I'm so sorry for your loss. Sweet dreams little Alex :hugs::hugs:


----------



## collie_crazy

I love the little snowdrop poem - thank you for posting it again :hugs: It was the very first poem I read after Emily was born and I loved it so much my mum read it at her funeral and I now have it laminated and next to her grave. We are going out tomorrow to plant snowdrops around her headstone too :hugs:


----------



## Andypanda6570

collie_crazy said:


> I love the little snowdrop poem - thank you for posting it again :hugs: It was the very first poem I read after Emily was born and I loved it so much my mum read it at her funeral and I now have it laminated and next to her grave. We are going out tomorrow to plant snowdrops around her headstone too :hugs:

:hugs::hugs::hugs::hugs::hugs:


----------



## Nikki_d72

Thank you so much for posting this. My boys were born just as the snowdrops were blooming here in NZ so this is quite special to me. I want to plant some in a pot for them along with a tree or shrub when we bury their placenta. Thanks again. xxx


----------



## KamIAm

Hi and Welcome :flower:

THank you so very much for posting that poem, It is beautiful!!!

We are always here, so you holler if you need anything.... loves, support, venting, crying....I think we're pretty good at it now days :winkwink:

I'm sending big hugs and loves your way!!!!:hugs::hugs:


----------



## MummyStobe

So sorry for your loss. Fly high little Alex. 
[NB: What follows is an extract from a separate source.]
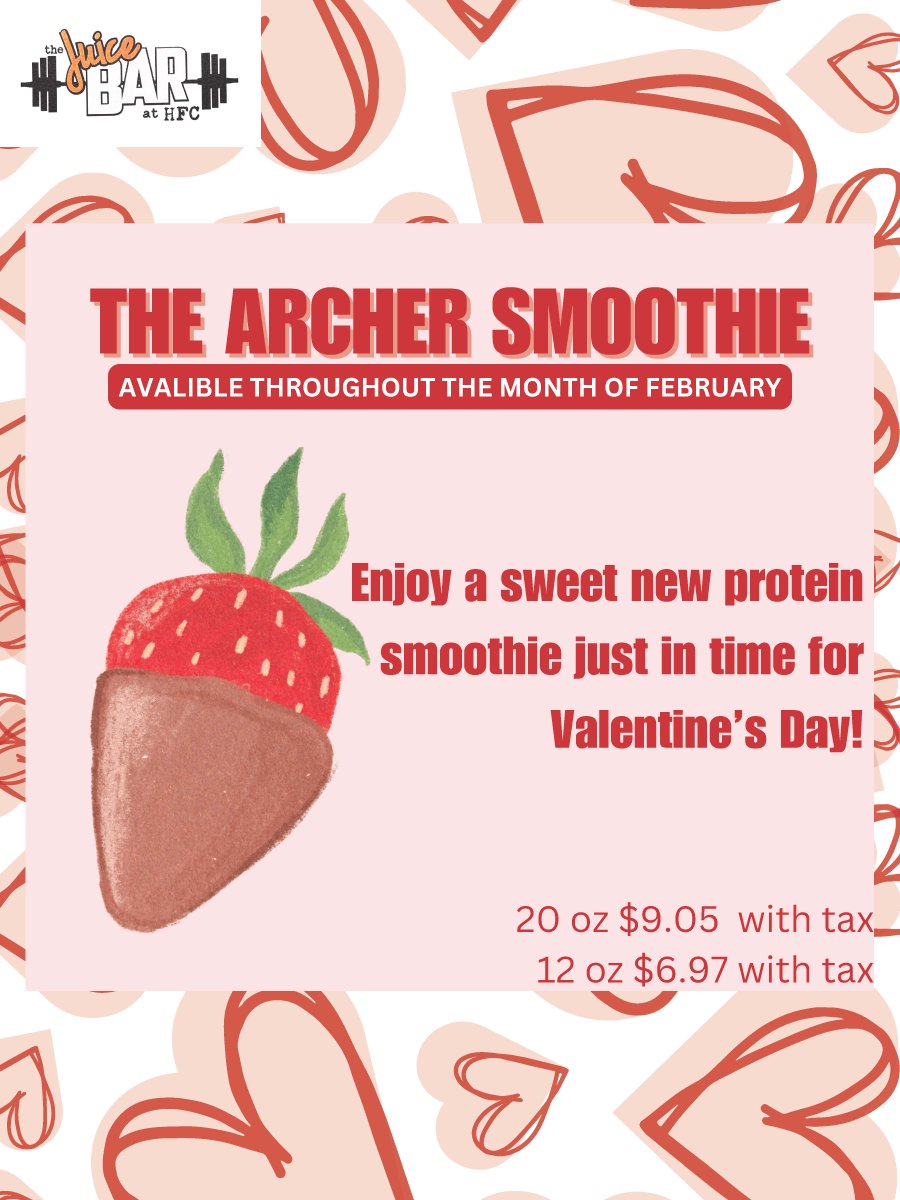 During February at the Juice Bar, enjoy a sweet new protein smoothier, The Archer - a strawberry smoothie made with chocolate protein, banana, and crushed Oreo.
Thank you for posting the poem, we had it read at Max's funeral so it means a lot to me too, I get a little shiver everytime I read it.
xx


----------



## babylou

That is beautiful.

I'd been ok today till now. :cry::cry:

I have only just spoken about our sermon for Samuel this morning, and did not have any special readings. I think I do now...

Thankyou:hugs:


----------



## mhazzab

babylou said:


> That is beautiful.
> 
> I'd been ok today till now. :cry::cry:
> 
> I have only just spoken about our sermon for Samuel this morning, and did not have any special readings. I think I do now...
> 
> Thankyou:hugs:

oh I'm glad you have found something that spoke to you. We had the Snowdrops poem read out, and also a variation of this one, at our daughters' funeral (Hugs posted this on another thread, have copied it onto here, hope that's okay)

xx

"These are my footprints, 
so perfect and so small. 
These tiny footprints 
never touched the ground at all. 
Not one tiny footprint, 
for now I have wings. 
These tiny footprints were meant 
for other things. 
You will hear my tiny footprints, 
in the patter of the rain. 
Gentle drops like angel's tears, 
of joy and not from pain. 
You will see my tiny footprints, 
in each butterflies' lazy dance. 
I'll let you know I'm with you, 
if you just give me the chance. 
You will see my tiny footprints, 
in the rustle of the leaves. 
I will whisper names into the wind, 
and call each one that grieves. 
Most of all, these tiny footprints, 
are found on Mommy and Daddy's hearts. 
'Cause even though I'm gone now, 
We'll never truly part."


----------



## yazoo

That is so lovely and such a coincidence. I was saying to OH last night that I wanted to plant snowdrops on Jakob's grave and wondering would it be too late to plant them now. (I'm not very green fingered) Then I came on here this morning and read this. Thank you for sharing. Floaty kisses to Alex. :kiss::kiss::kiss:


----------



## SarahJane

yazoo said:


> That is so lovely and such a coincidence. I was saying to OH last night that I wanted to plant snowdrops on Jakob's grave and wondering would it be too late to plant them now. (I'm not very green fingered) Then I came on here this morning and read this. Thank you for sharing. Floaty kisses to Alex. :kiss::kiss::kiss:

I planted some snowdrops and crocus last week into pots for Evelyn, the packet indicated they may just come out slightly later if I plant now x:hugs:


----------